What the exercise asks →
For the records that follow, please set down exactly the lines between the one holding "A pair of Chinese" and the one holding "climbers walking along", inclusive, and only those.

Records for this exercise →
######

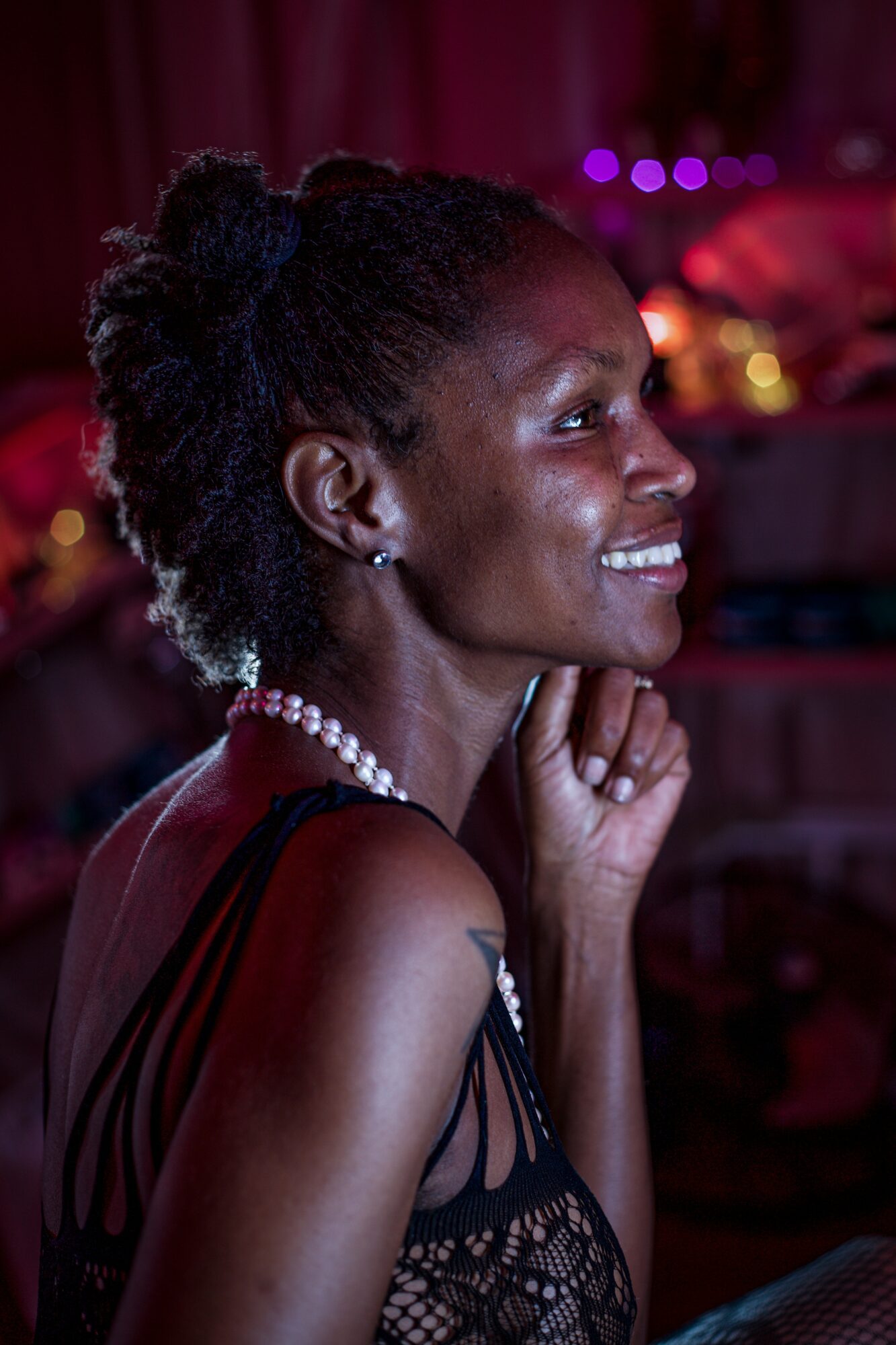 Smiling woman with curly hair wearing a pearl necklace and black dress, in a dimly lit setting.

######

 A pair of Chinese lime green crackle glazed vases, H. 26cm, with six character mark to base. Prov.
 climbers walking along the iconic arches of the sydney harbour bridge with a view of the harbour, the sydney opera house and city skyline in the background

######

Written solution →
 A pair of Chinese lime green crackle glazed vases, H. 26cm, with six character mark to base. Prov.
 climbers walking along the iconic arches of the sydney harbour bridge with a view of the harbour, the sydney opera house and city skyline in the background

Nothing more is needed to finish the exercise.